Plot: Tami (Shailene Woodley) has left home to explore the world and by turn, herself, with no real plan or schedule in mind. She knows she doesn’t want to return home, but she is open to new experiences, which is how she ended up working at a marina in beautiful Tahiti. There she meets Richard (Sam Claflin) and two spark an instant bond that leads them to spend time together, eventually forging a kind of free spirited relationship of sorts. When Richard is hired to sail a yacht across the world, Tami agrees to join him and on the plus vessel, the two embark on an intense romance and grow much closer. But when a powerful storm threatens to bear down on their location, romance turns into a battle for survival.

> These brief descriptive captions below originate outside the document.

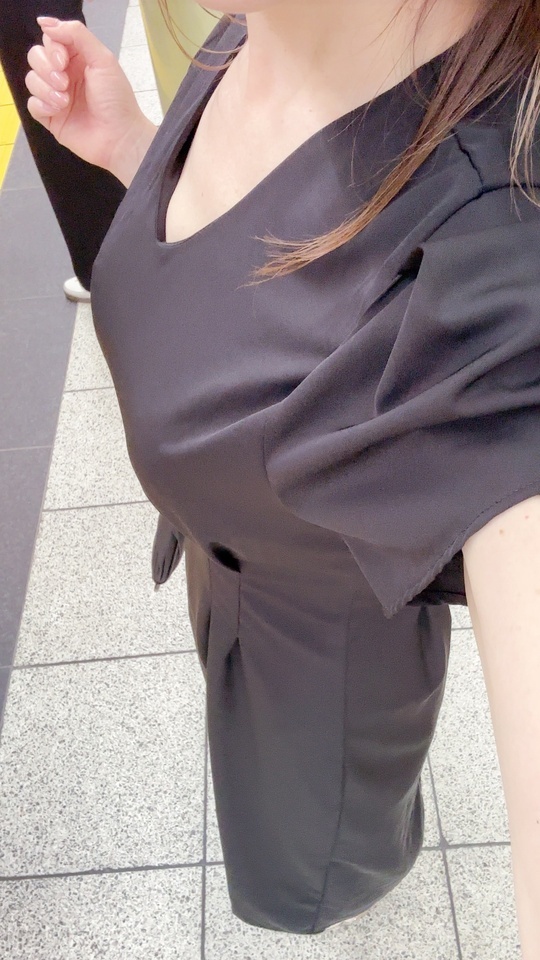 おはおは🔆🤍｜写メ日記｜まなつ｜鶯谷 人妻デリヘル 人妻花かんざし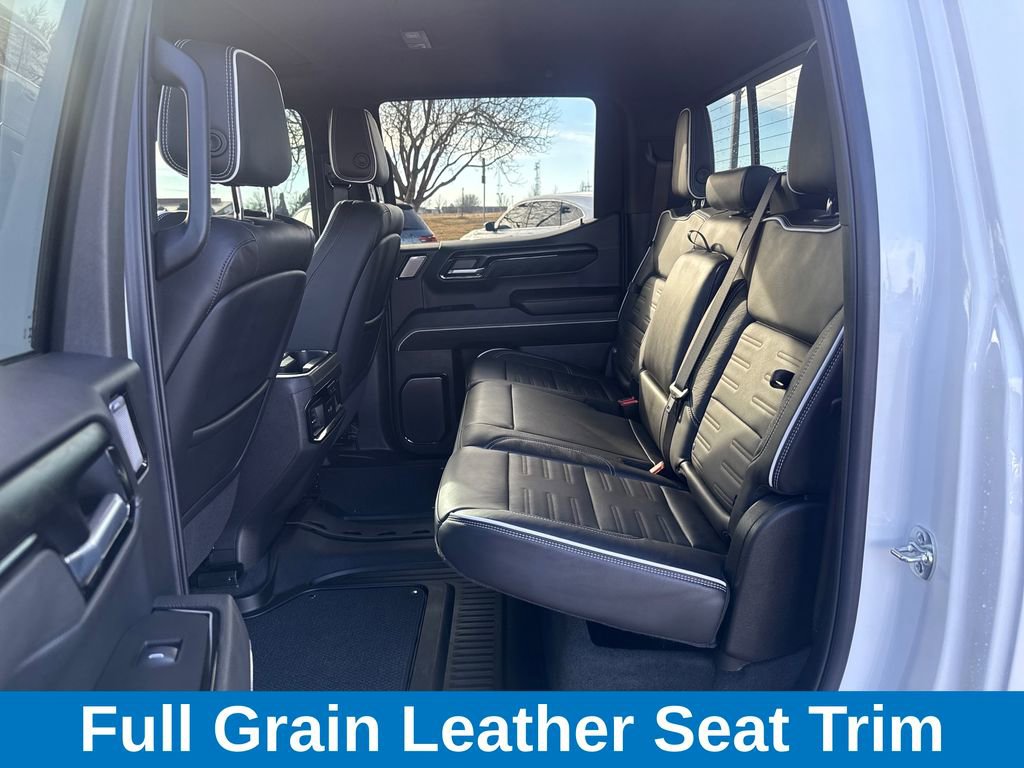 Used 2025 GMC Sierra 1500 AT4X image 26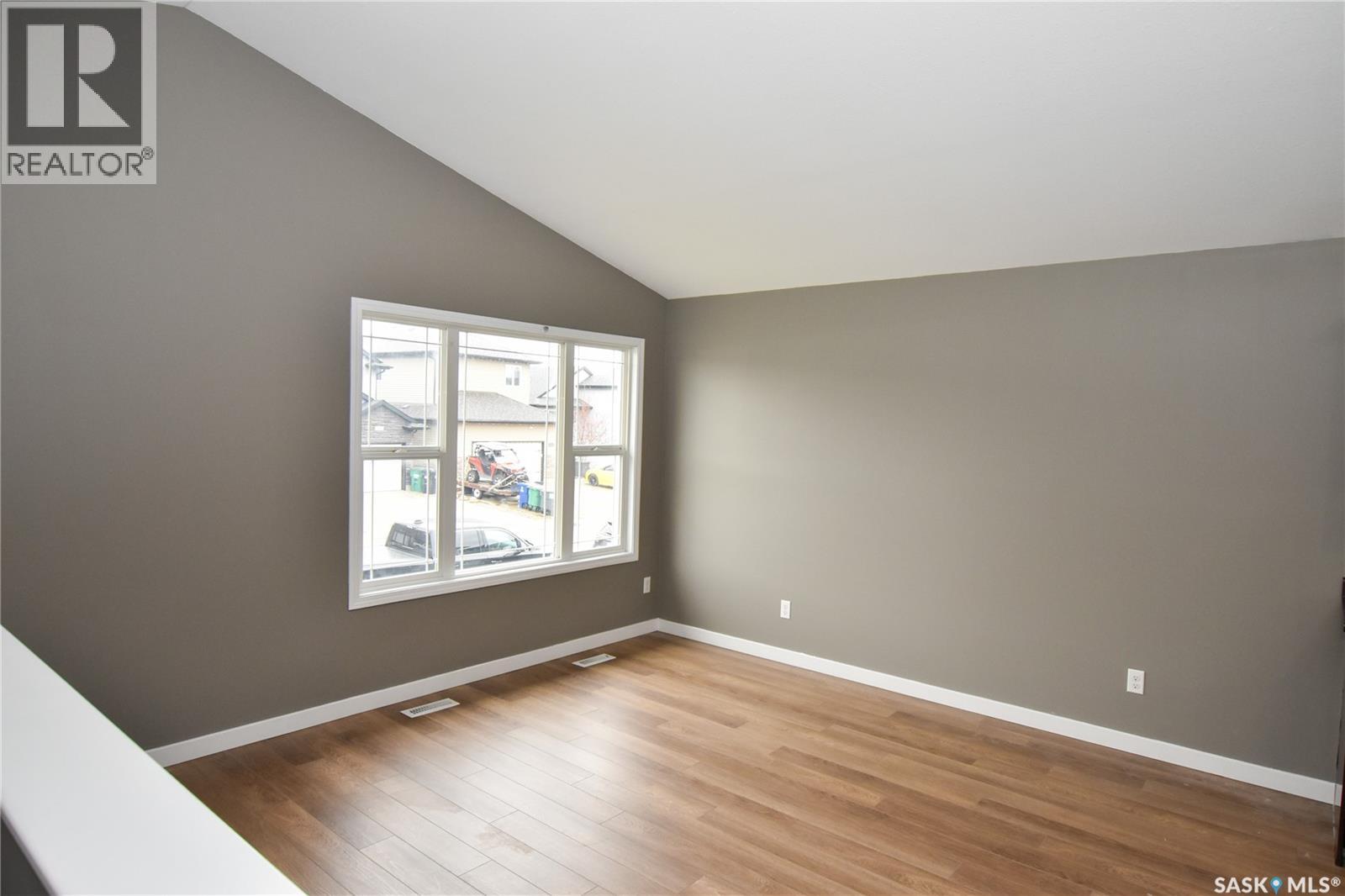 106 Geary Crescent, Saskatoon, Saskatchewan  S7R 0B8 - Photo 5 - SK036325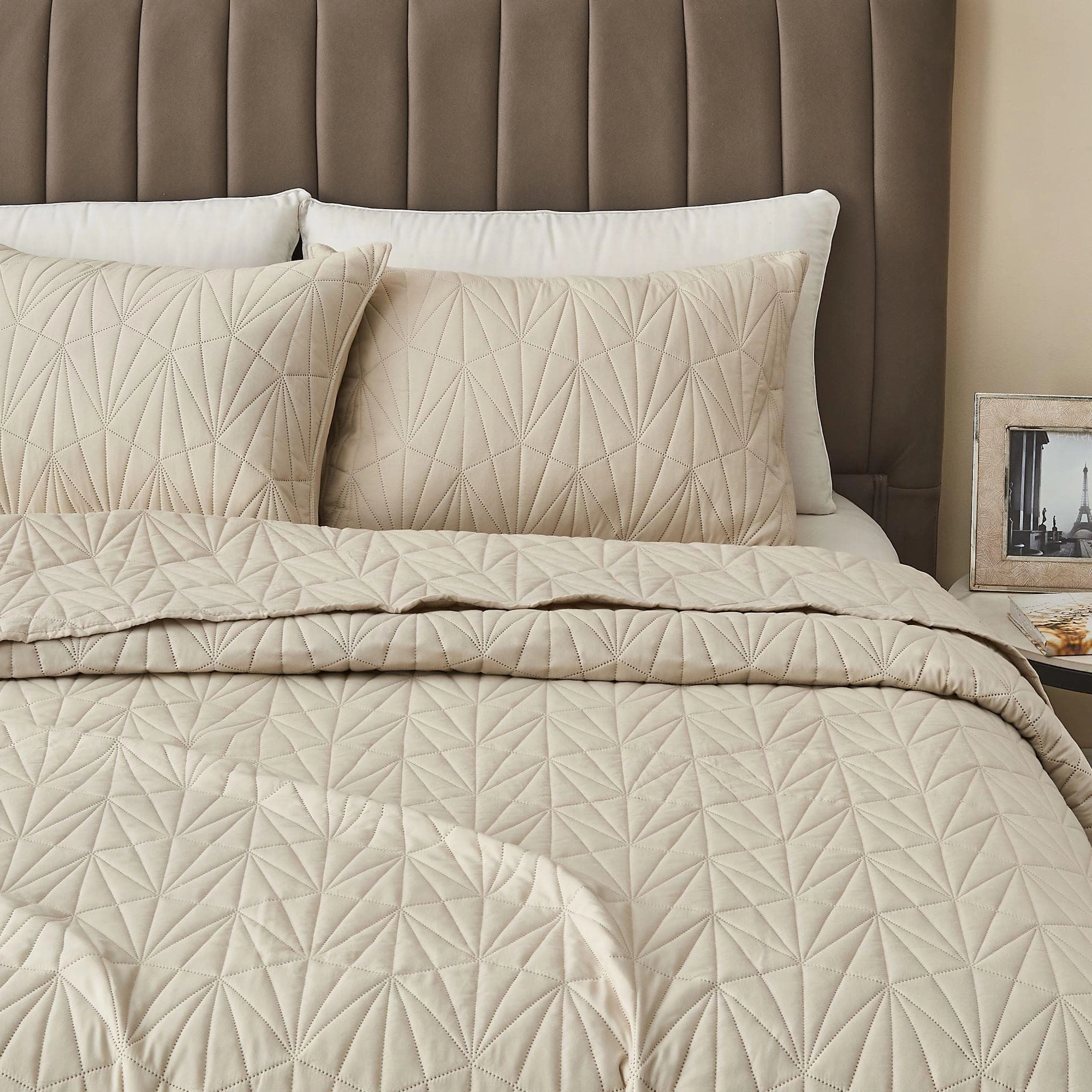Oversized Geometric Pinsonic Quilt Set - Blakely Collection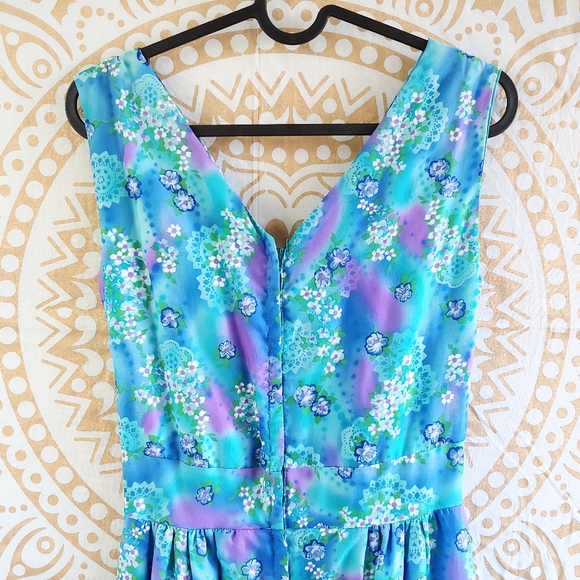 ✨Posh Editor's Pick✨ Vintage 1960s dress - Picture 4 of 7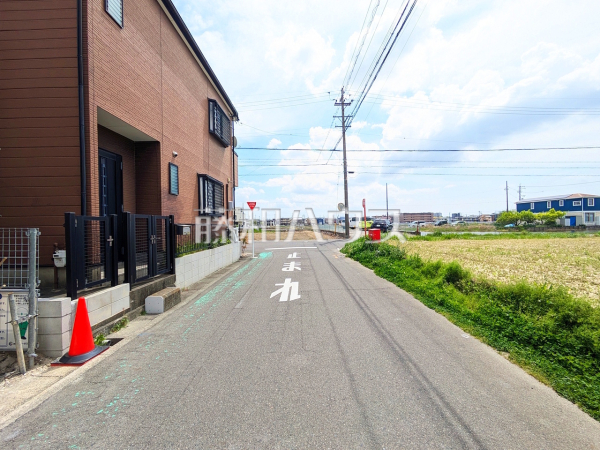 接道状況および現場風景 【北名古屋市沖村岡西】 接道状況および現場風景 【北名古屋市沖村岡西】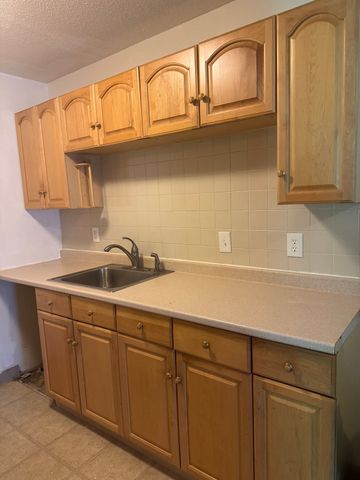 50 Village Brook Ln 6, Natick, MA 01760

Entertainment Value: As a survival at sea experience, Adrift has some solid moments and effective atmosphere, but as a romance, it washes out and leaves behind little to no impression. The movie also uses a series of time shifts to unfold the narrative, which is sometimes effective, but some of the flashbacks aren’t smooth or consistent, which throws off the film’s flow. So between a slow pace to begin with and the not always skilled flashback shifts, Adrift is quite disjointed and never establishes a proper cadence to connect with. On the plus side, Shailene Woodley turns in a solid effort and the survival aspect is well crafted. The storm in specific is impressive, with some great visuals and the atmosphere as desperation sets in is effective, so those moments carry the movie. But then the flashbacks strike again, force feeding this poorly constructed romance between two leads who have no real chemistry, so it is hard to see it as some kind of romance for the ages. But if you appreciate real life stories of survival, you could do worse than Adrift.
While the script doesn’t give her much to work with, Shailene Woodley puts in some great work here and elevates the survival elements. She is also good as the free spirit floating through life, but she ups her game once things get dark and conveys the will to live better than I ever expected. I liked how she was able to bring across the strong sense of desperation, but didn’t go over the top, which would have been easy to do, especially with the mental breakdown involved. She proves her dramatic chops here, I just wish she was surrounded by elements that were just as strong. Instead, she is the highlight here and while Sam Claflin isn’t bad, he is rather bland and forgettable, with little chemistry between the two. Aside from Woodley, the only other noteworthy presence would be the storm itself, which feels believable and the movie’s authentic on the open water feel is remarkable. So there’s some positives here, just not enough to earn a strong recommendation.